Go through the entries below from the first line and output each one exactly, up to and including the line with "Inchiriez ap 3 camere zona Mall".

+ + + + + + +

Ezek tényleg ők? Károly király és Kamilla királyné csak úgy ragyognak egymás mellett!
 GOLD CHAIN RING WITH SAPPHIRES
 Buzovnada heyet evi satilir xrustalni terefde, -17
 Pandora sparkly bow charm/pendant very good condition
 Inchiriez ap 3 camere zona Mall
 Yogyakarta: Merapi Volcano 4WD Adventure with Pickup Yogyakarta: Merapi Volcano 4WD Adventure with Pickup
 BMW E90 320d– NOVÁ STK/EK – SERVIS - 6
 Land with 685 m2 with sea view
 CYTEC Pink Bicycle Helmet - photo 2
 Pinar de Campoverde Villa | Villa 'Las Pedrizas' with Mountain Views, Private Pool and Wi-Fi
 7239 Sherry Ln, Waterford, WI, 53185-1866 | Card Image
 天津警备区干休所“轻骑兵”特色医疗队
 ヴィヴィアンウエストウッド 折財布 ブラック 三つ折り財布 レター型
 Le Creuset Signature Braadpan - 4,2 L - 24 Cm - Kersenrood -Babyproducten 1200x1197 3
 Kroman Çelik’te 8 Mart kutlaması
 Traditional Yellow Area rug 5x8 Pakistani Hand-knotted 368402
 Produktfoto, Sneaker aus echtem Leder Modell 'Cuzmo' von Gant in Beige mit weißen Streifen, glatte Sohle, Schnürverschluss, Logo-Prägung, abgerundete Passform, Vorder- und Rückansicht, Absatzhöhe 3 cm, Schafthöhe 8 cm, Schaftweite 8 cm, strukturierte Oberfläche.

+ + + + + + +

Expected answer
Ezek tényleg ők? Károly király és Kamilla királyné csak úgy ragyognak egymás mellett!
 GOLD CHAIN RING WITH SAPPHIRES
 Buzovnada heyet evi satilir xrustalni terefde, -17
 Pandora sparkly bow charm/pendant very good condition
 Inchiriez ap 3 camere zona Mall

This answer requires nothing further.